С чувством освобождения осознав: не понимаю, не могу и не смогу никогда!

2

Осенью 1919 года в их рационе только скудные овощи; случается, что по пять дней подряд в доме нет хлеба. Знакомый Никодима анархист Шарль унес для продажи Сережины золотые часы, и от него – ни слуху ни духу, потом он обнаглел и начал кричать, что за чужие вещи не отвечает. В итоге – ни часов, ни денег.

Ранним утром Марина топит плиту. С водой – проблемы. За ней приходится идти к соседке, но так, чтобы не увидел ее муж: с черного хода. Возвращается счастливая: с полным ведром! Хватит и для стирки, и для мытья посуды и пола.

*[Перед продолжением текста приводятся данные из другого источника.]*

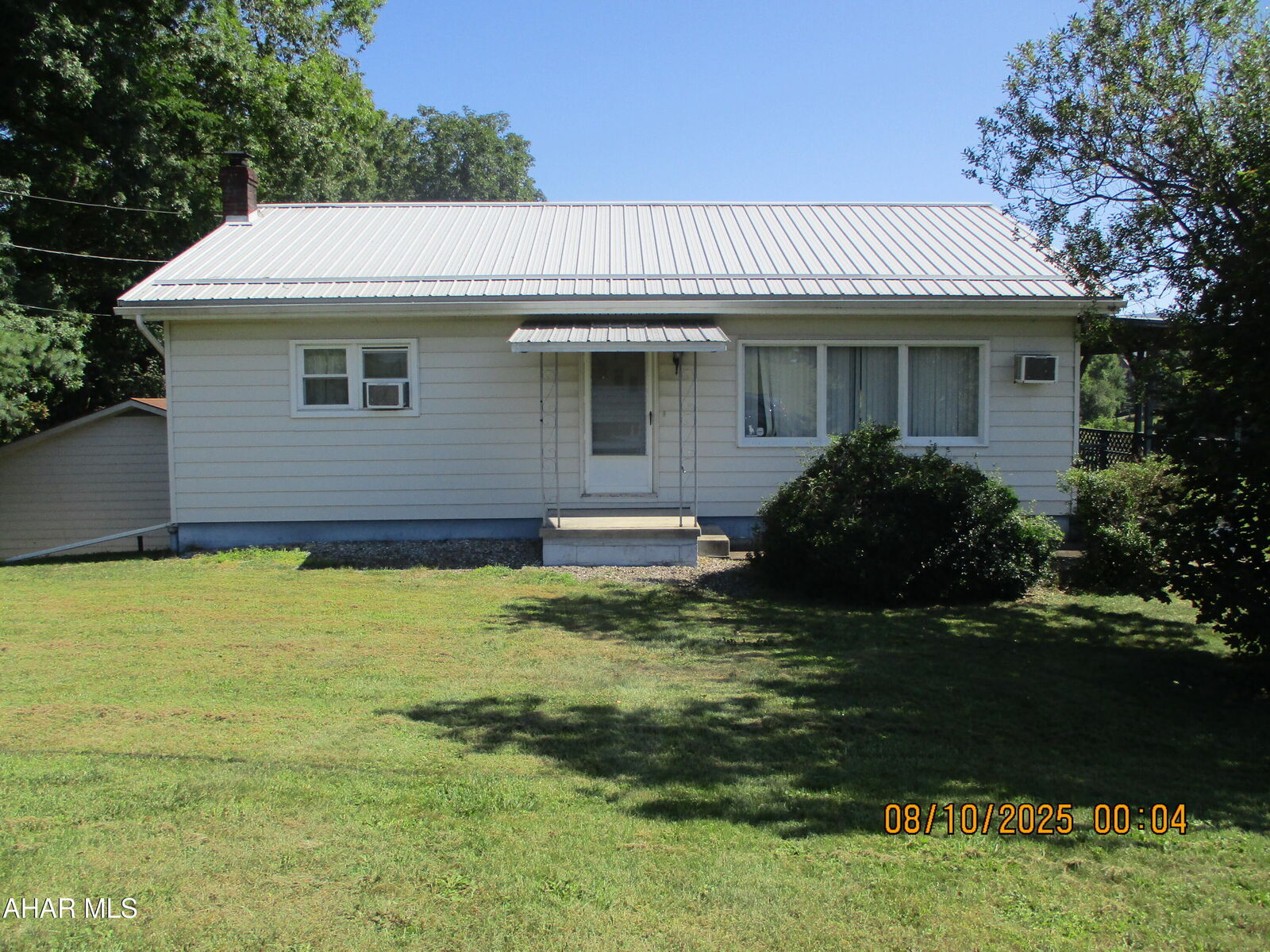 Property Photo:  452 Shawnee Drive  PA 16673 
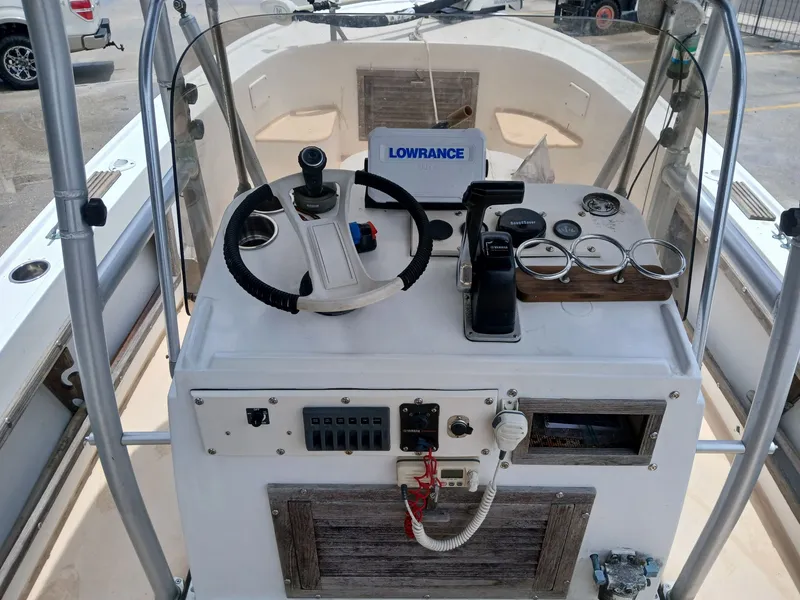 Slide: The Image of Mako 20 Center Console 1973 - 10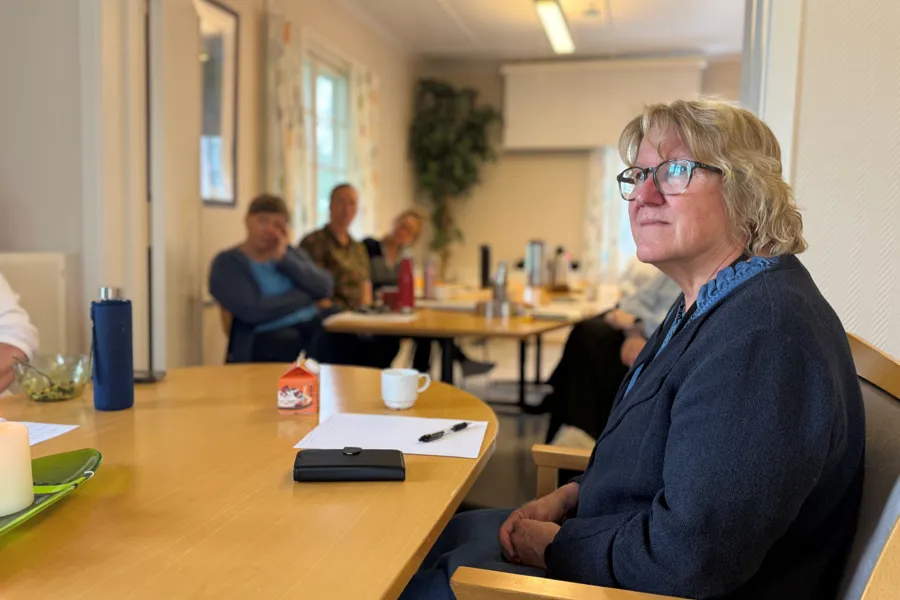 Administrerende direktør i møterommet til forskningsavdelingen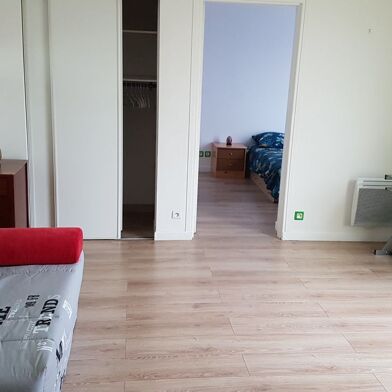 Appartement 2 pièces 1100 €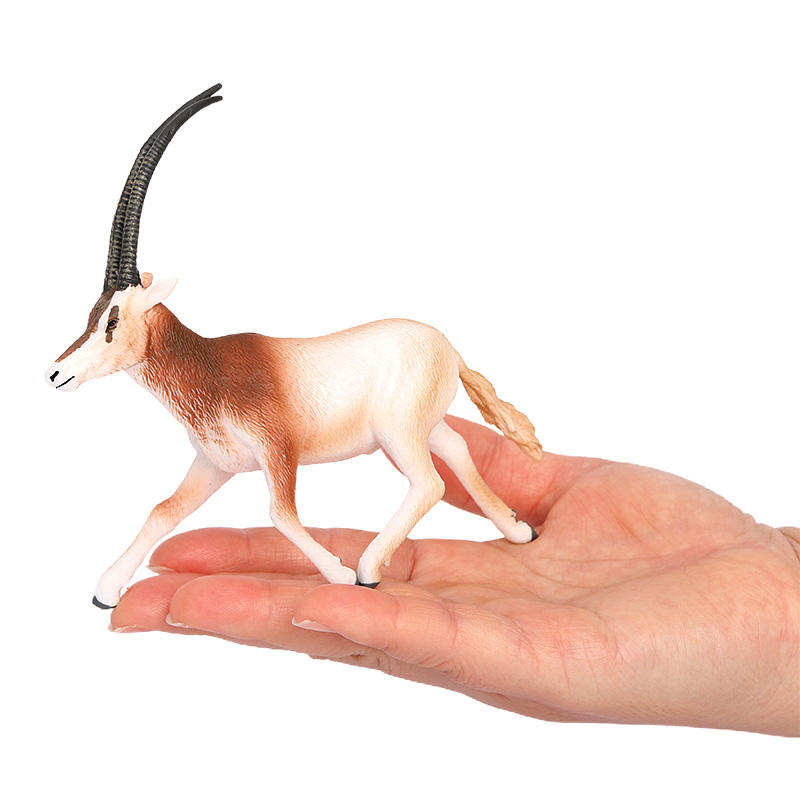 1877 Scimitar-horned oryx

Запись в тетрадке: «Брянский вокзал – за молоком – 5½ ч. утра… Небо в розовых гирляндах, стальная (голубой стали) Москва-река, первая свежесть утра, видение спящего города. Я в неизменной зеленой крылатке, – кувшин с молоком в руке – несусь… – Анна Ахматова! Вы когда-нибудь вонзались, как ястреб, в грязную юбку какой-нибудь бабы – в 6 ч. утра – на Богом забытом вокзале, чтобы добыть Вашему сыну – молоко?!»